The controversies have prompted disagreements among top Facebook executives about how to deal with those issues. In March, The New York Times reported that Alex Stamos, Facebook’s chief information security officer, intended to leave the company after an internal dispute over how to handle the threat of Russian influence efforts. Facebook has also reshuffled the top ranks of its Washington office, where lobbying and policy matters are handled.
Facebook declined to comment beyond Mr. Koum’s post. Mr. Koum’s decision was earlier reported by The Washington Post.
Facebook’s business depends on getting people to spend time on its sites and allowing advertisers to target users based on their interests. WhatsApp has had no advertising on its service, but in recent years it has been sharing more information about its users with Facebook.
In March, Brian Acton, who co-founded WhatsApp with Mr. Koum and who has since left the company, wrote on Twitter that it was time to delete Facebook after the Cambridge Analytica revelations.
Mr. Koum and Mr. Acton, who met at Yahoo while doing a security audit for the company, founded WhatsApp in 2009. Originally, the service was a way for people to tell friends and family whether they were available to text and talk. But it soon morphed into a general and free way of sending messages without the help of the services run by cellular network operators like Verizon and AT&T.
WhatsApp became enormously popular in countries where messaging services were expensive or where social networks like Facebook had not taken hold. By February 2014, WhatsApp had about 450 million users and 50 employees. Facebook’s acquisition of the company turned many WhatsApp employees into millionaires.
In the spring of 2016, Mr. Koum and WhatsApp revealed that it was adding end-to-end encryption to every form of communication on the company’s service, which was by then used by more than 1 billion people across the globe. That meant that even company employees could not see messages, phone calls, photos or videos sent across the WhatsApp network, and the company had no way of complying with any court order demanding access to those communications.
Though Mr. Koum joined the board of Facebook after his company was acquired, WhatsApp continued to operate independently in many ways. Its staff remained small, and they worked from their own office in Mountain View, Calif., away from Facebook’s headquarters in Menlo Park, Calif. The Mountain View building carried the names of neither Facebook nor WhatsApp on the outside.
While WhatsApp does not carry advertising, the company has worked over the past two years to create ways for businesses to communicate with customers via its service.
In 2016, WhatsApp said it would start disclosing the phone numbers and analytics data of its users to Facebook. A year later, the European Commission fined Facebook 110 million euros, or about $122 million, for misleading the commission during its acquisition of WhatsApp, saying that Facebook incorrectly claimed that it was impossible to combine user data collected by the two companies.
Last November, Mr. Acton left WhatsApp and later became the executive chairman of the Signal Foundation, the nonprofit that has run the encrypted communication app Signal.
By then, Mr. Koum had also shared his unease over Facebook’s data and privacy policies with others, according to the company executive who has spoken with Mr. Koum. While Mr.
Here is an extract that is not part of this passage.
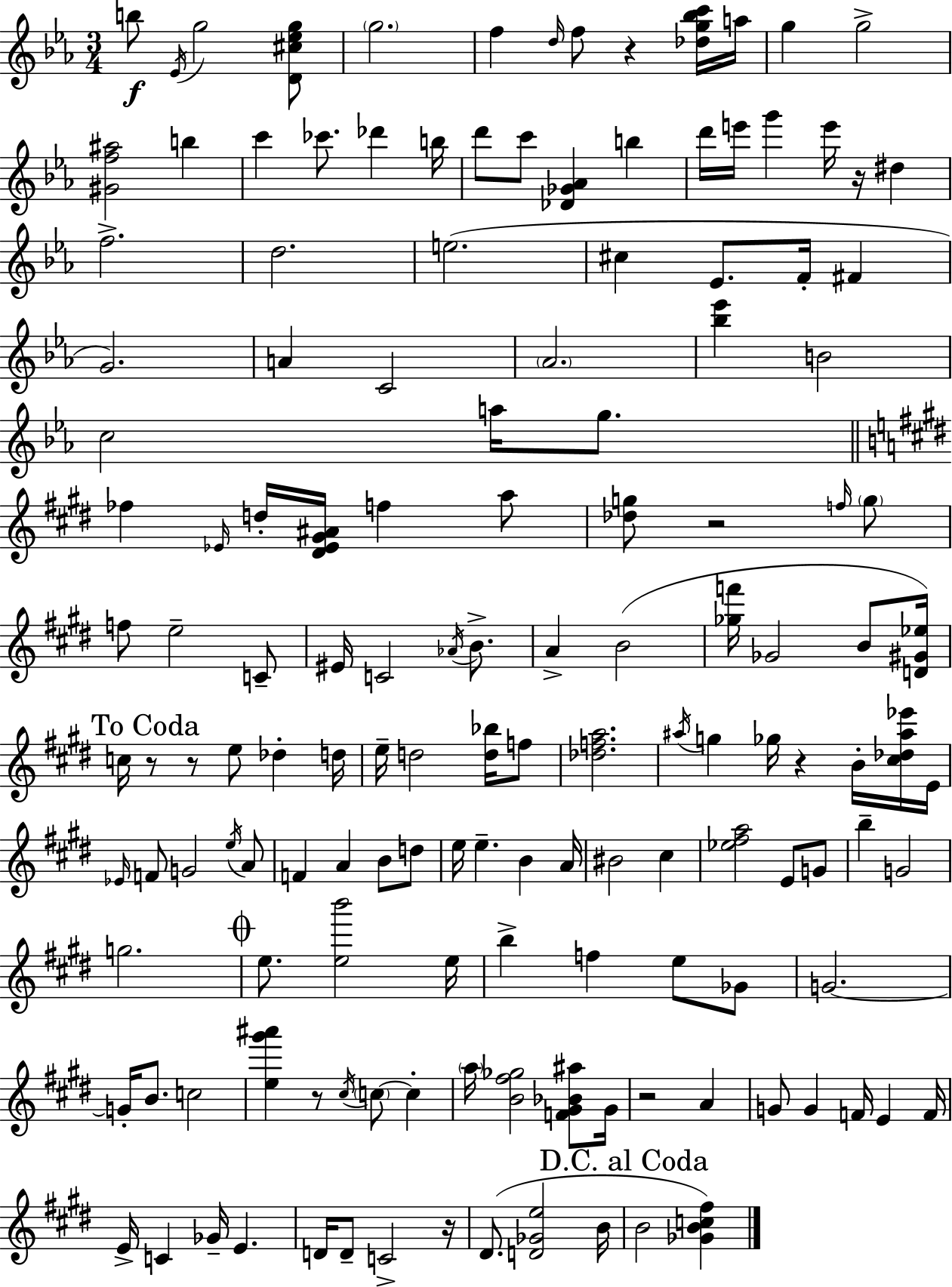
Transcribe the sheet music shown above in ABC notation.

Koum personally got along with Mark Zuckerberg, Facebook’s chief executive, he felt the company’s board simply paid lip service to privacy and security concerns he raised, according to the executive.
In particular, the executive said, Mr. Koum was tired from fighting back against pressure from the board throughout 2017 to allow advertisements on WhatsApp.
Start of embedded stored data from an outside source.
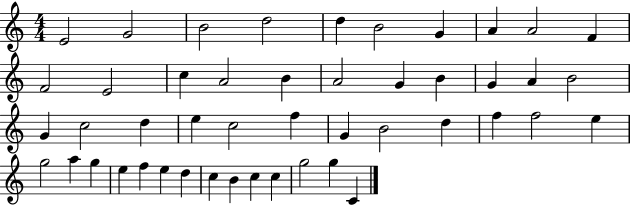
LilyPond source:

{
  \clef treble
  \numericTimeSignature
  \time 4/4
  \key c \major
  e'2 g'2 | b'2 d''2 | d''4 b'2 g'4 | a'4 a'2 f'4 | \break f'2 e'2 | c''4 a'2 b'4 | a'2 g'4 b'4 | g'4 a'4 b'2 | \break g'4 c''2 d''4 | e''4 c''2 f''4 | g'4 b'2 d''4 | f''4 f''2 e''4 | \break g''2 a''4 g''4 | e''4 f''4 e''4 d''4 | c''4 b'4 c''4 c''4 | g''2 g''4 c'4 | \break \bar "|."
}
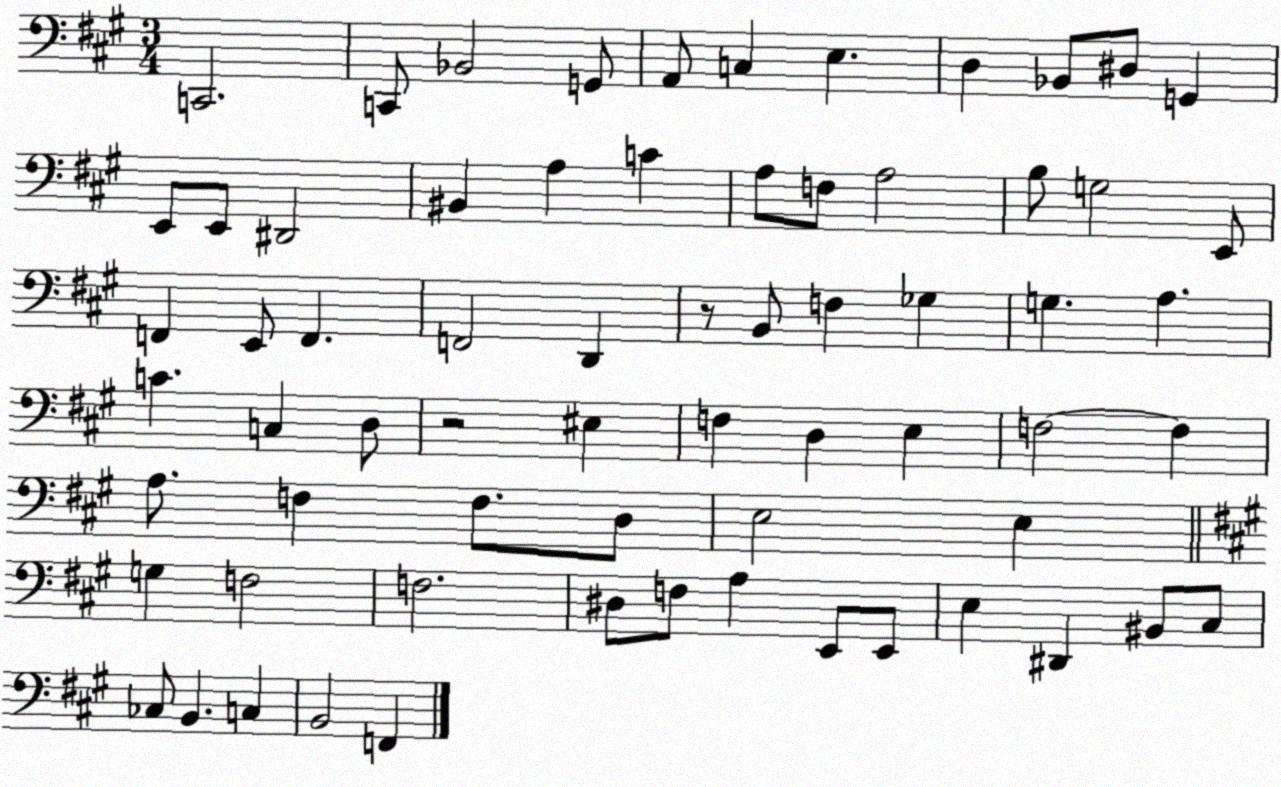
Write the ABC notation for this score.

X:1
T:Untitled
M:3/4
L:1/4
K:A
C,,2 C,,/2 _B,,2 G,,/2 A,,/2 C, E, D, _B,,/2 ^D,/2 G,, E,,/2 E,,/2 ^D,,2 ^B,, A, C A,/2 F,/2 A,2 B,/2 G,2 E,,/2 F,, E,,/2 F,, F,,2 D,, z/2 B,,/2 F, _G, G, A, C C, D,/2 z2 ^E, F, D, E, F,2 F, A,/2 F, F,/2 D,/2 E,2 E, G, F,2 F,2 ^D,/2 F,/2 A, E,,/2 E,,/2 E, ^D,, ^B,,/2 ^C,/2 _C,/2 B,, C, B,,2 F,,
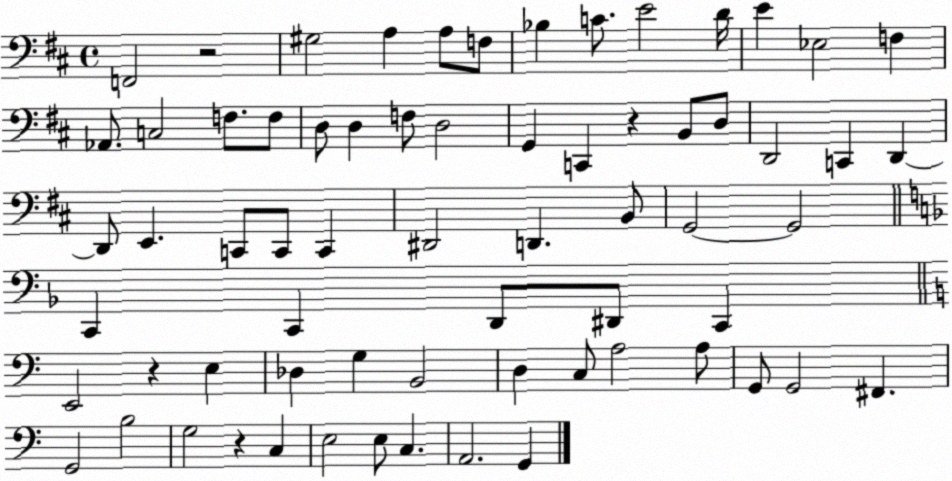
X:1
T:Untitled
M:4/4
L:1/4
K:D
F,,2 z2 ^G,2 A, A,/2 F,/2 _B, C/2 E2 D/4 E _E,2 F, _A,,/2 C,2 F,/2 F,/2 D,/2 D, F,/2 D,2 G,, C,, z B,,/2 D,/2 D,,2 C,, D,, D,,/2 E,, C,,/2 C,,/2 C,, ^D,,2 D,, B,,/2 G,,2 G,,2 C,, C,, D,,/2 ^D,,/2 C,, E,,2 z E, _D, G, B,,2 D, C,/2 A,2 A,/2 G,,/2 G,,2 ^F,, G,,2 B,2 G,2 z C, E,2 E,/2 C, A,,2 G,,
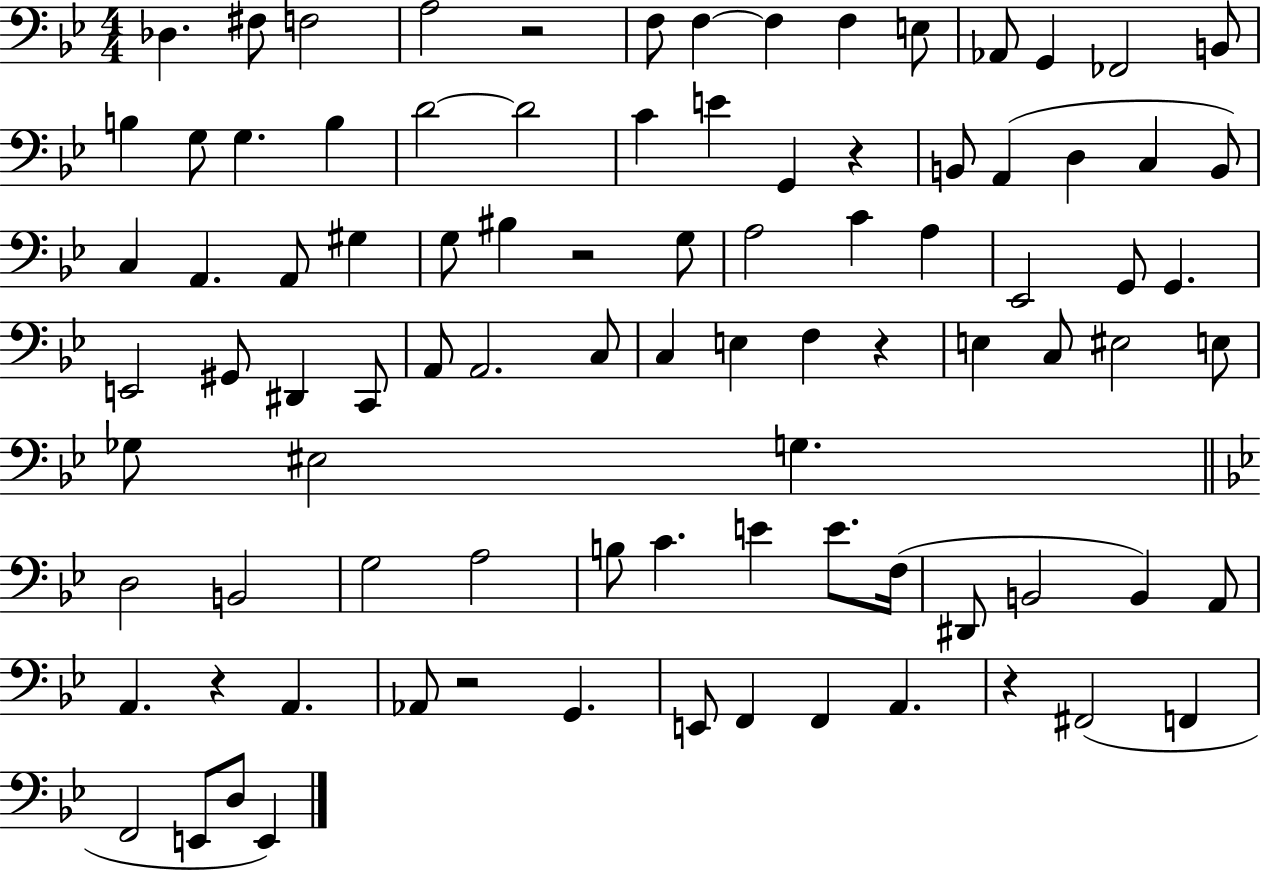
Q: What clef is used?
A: bass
Facebook did not intend to announce Mr. Koum’s departure until later this week, the person added. Facebook will hold its annual developer conference in San Jose, Calif., on Tuesday and Wednesday and it wanted to first get past the event. But The Post’s report foiled those plans, the executive said.
“Jan and Brian’s departures mean that Facebook, WhatsApp and Instagram are all controlled even more tightly by a single person — Mark Zuckerberg,” said Sandy Parakilas, a former Facebook manager who is now an adviser at The Center for Humane Technology. “This centralized control is bad for the users of all of these products.”
Mr. Koum’s departure was a blow to those at WhatsApp, according to one engineer at the messaging service, who asked not to be identified for fear of retaliation. There had been a certain level of pride within WhatsApp’s team over the dedication to privacy and the departure of their co-founder had left many wondering whether Facebook would now open WhatsApp to tracking user data and, eventually, to ads on its service.
Mr. Zuckerberg said in a comment on Mr. Koum’s Facebook post that he would miss working with Mr. Koum.
“I’m grateful for everything you’ve done to help connect the world, and for everything you’ve taught me, including about encryption and its ability to take power from centralized systems and put it back in people’s hands,” Mr. Zuckerberg wrote. “Those values will always be at the heart of WhatsApp.”